AWS Cloudfront signed urls Question: I'm wondering about the pros and cons of controlling Cloudfront content access on a user-by-user basis using a publicly viewable key vs. their IP address. I'm defining a public key as an arbitrary access token (e.g., a public key or ID that I've assigned to each user) as a query parameter (part 3 in the picture below, taken from the docs. The user IP address can readily be obtained server-side (with PHP using $_SERVER['REMOTE_ADDR']) and is a value encoded in the "Policy=", i.e, part 4 in the picture.

Cloudfront Signed Url example

Because people increasingly have many computers and belong to many networks, IP address-based access would seem a suboptimal approach and mean that each user would need to have multiple policies and I'd have to keep track of each of these policies.

On the other hand, the query string public key-based access could be thwarted by simple cut and paste or brute force if the string is harder to know.

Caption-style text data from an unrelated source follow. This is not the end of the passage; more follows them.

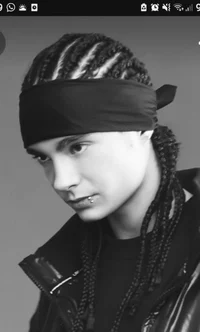 Tom kaulitz obsessed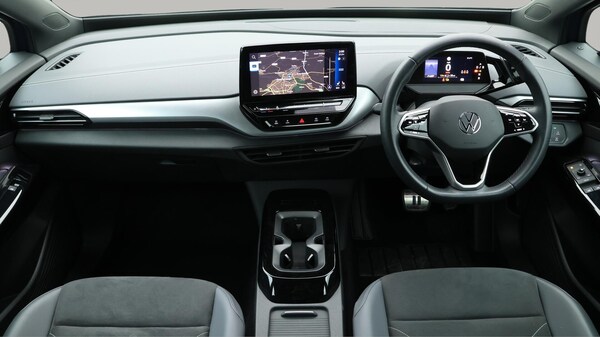 Used Volkswagen ID.4 2023 for sale - 76251458: Photo 14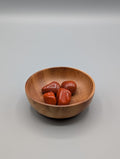 Red Jasper Tumble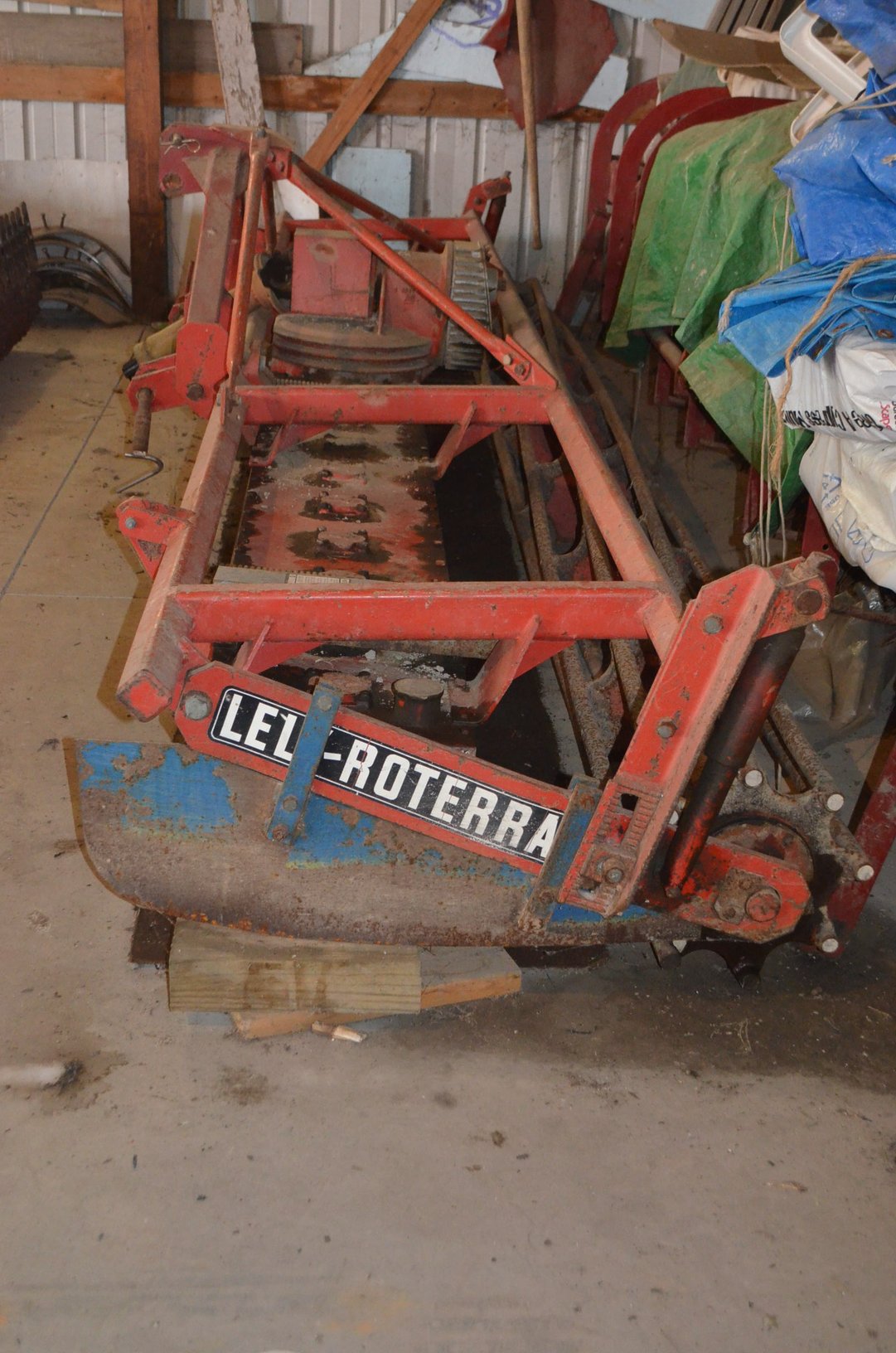 Property photo 76 - FARM EQUIPMENT AUCTION IN DEFIANCE COUNTY, OHIO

There must be reasons AWS recommends the IP-based approach and doesn't recommend the public key approach, but I'm having trouble understand what the point of the query parameter would be then if for not some kind of access token purpose. Thoughts?

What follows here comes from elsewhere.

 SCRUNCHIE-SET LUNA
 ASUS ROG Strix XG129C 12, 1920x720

Background for newcomers: Cloudfront signed urls allow restricting access to the content on a server (called an "origin server" in the docs) such as your S3 bucket. These signed urls can be customized (called a "custom policy", the Policy="eyANC.." part of the url above) to include the user IP address such that if you aren't using that IP address you can't have access to the content.


Solution

  • In my understanding, following could be the reasons to chose IP address as part of the policy.

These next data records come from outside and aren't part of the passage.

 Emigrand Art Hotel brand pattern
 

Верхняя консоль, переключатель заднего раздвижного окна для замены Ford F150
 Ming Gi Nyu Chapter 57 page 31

    1. From ip address, it is almost guaranteed that the user who received signed url is the same user making the signed url request. (I said almost guaranteed, considering the fact that the server code inserting the ip-address should be aware of the proxy x-forwarded-for header. Also remote ip address is same for everyone in the same home/office served by the same provider)

    2. Usually, in a real world case, the expiry time of a signed url is short. (Means, your ip address will not be changing before your signature expiry.

    3. Using ip-address, also has a benefit where you can use filters to block from known proxy users, geo locations and and security risky providers. (generally known as ip whitelisting/blacklisting )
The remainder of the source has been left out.